Real technical analysis, based on facts and figures, is a rare quality in mainstream writings about the sport. Wigmore and Wilde’s Cricket 2.0, thankfully, has been rigorously stripped of the maudlin sentimentality that has passed for cricket writing for a long, long time now. In that vein, the most important achievement of the book is the way the authors have captured a kind of reverse osmosis between T20 and the ODI (one-day international) game. When T20 started, it was widely assumed that the tricks and techniques suited to the ODI game would be the key to T20 success. Instead, the education flowed in the reverse direction. England’s ODI batsmen (Jonny Bairstow, Jason Roy, Jos Buttler and Eoin Morgan, in particular) were able to export their T20 learning to the 50-over game. As we know now, this was crucial to their victory in the 50-over World Cup in 2019.

This isn’t to say that Wigmore and Wilde are disinterested in the behind-the-scenes, all-too-human drama of cricket. Impressive character sketches of T20 superstars such as Chris Gayle and Sunil Narine are combined with more introspective, stats-and-analysis-driven portraits of lesser-known T20 luminaries such as the England fast bowler Jade Dernbach.

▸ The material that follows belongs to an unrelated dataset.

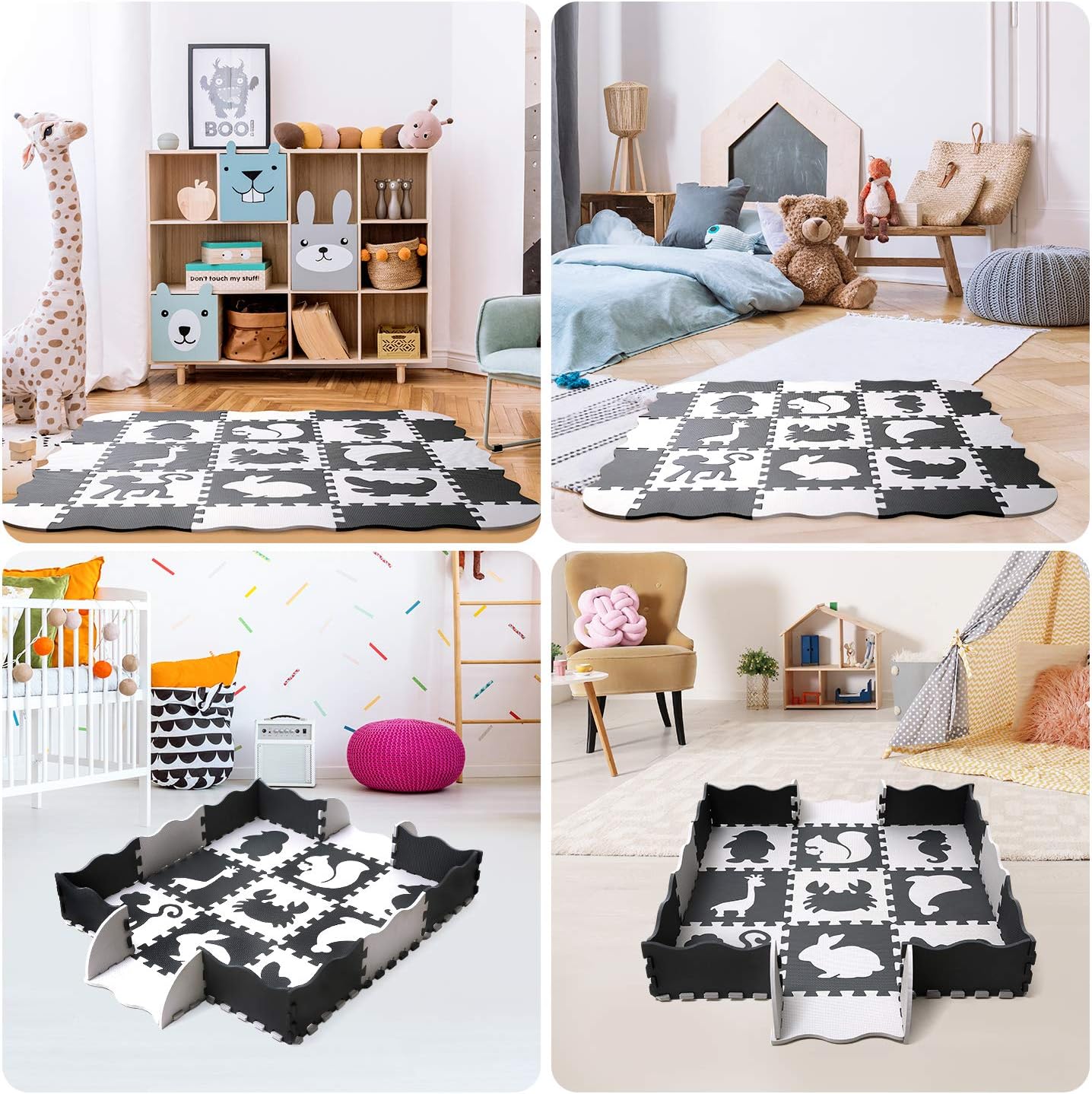 Baby Play Mat Floor Mat Foam Puzzle Playmat Interlocking Floor Tiles Crawling Mat for Kids, Toddlers and Infants: Toys & Games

A similarly thorough deconstruction of AB de Villiers’s T20 career tells us just how far ahead of the pack the South African genius, called “a batting Unicorn” by the authors, really is. Wigmore and Wilde take us through all of T20’s major hits, moments that showed us all that the format had to offer: From MS Dhoni and India’s victory in the inaugural World T20 in 2007, to the short-lived Champions League T20, to the advent of the Big Bash, the Caribbean Premier League (CPL) and other IPL-style tournaments around the world.

In a funny, and occasionally touching, segment towards the end of the book, the authors introduce us to Ali Khan, a young Pakistani immigrant in the US, working at a telecom firm (called ‘Cricket Wireless’ for no reason at all). Sleepwalking through one club game after another, nobody really cared that Khan “regularly bowled at 90 mph or more” — until a CPL contract happened (all CPL teams have to pick one North American player on their roster) and the West Indies all-rounder Dwayne Bravo, one of the most successful and experienced T20 cricketers on the planet, met Khan and urged him to never give up on his dream. By 2018, Khan had quit Cricket Wireless and become a professional cricketer after being signed by the agency Insignia. Here’s what he had to say about T20: “It would have been really hard if there were no leagues or T20 (...) T20 has given me an opportunity to showcase my skills in front of a wider audience. Associate players running shoulder to shoulder with known international stalwarts has given us an opportunity to show that we can stand with the best in the world.”

This, then, is perhaps the most meaningful way in which T20 is revolutionising cricket — democratisation, the decentring of power away from traditional strongholds such as India, England and Australia, the so-called Big Three. And Wigmore and Wilde’s book is our first accomplished document of this revolution. It’s a story that’s still developing, but, by god, it’s been bagfuls of fun so far.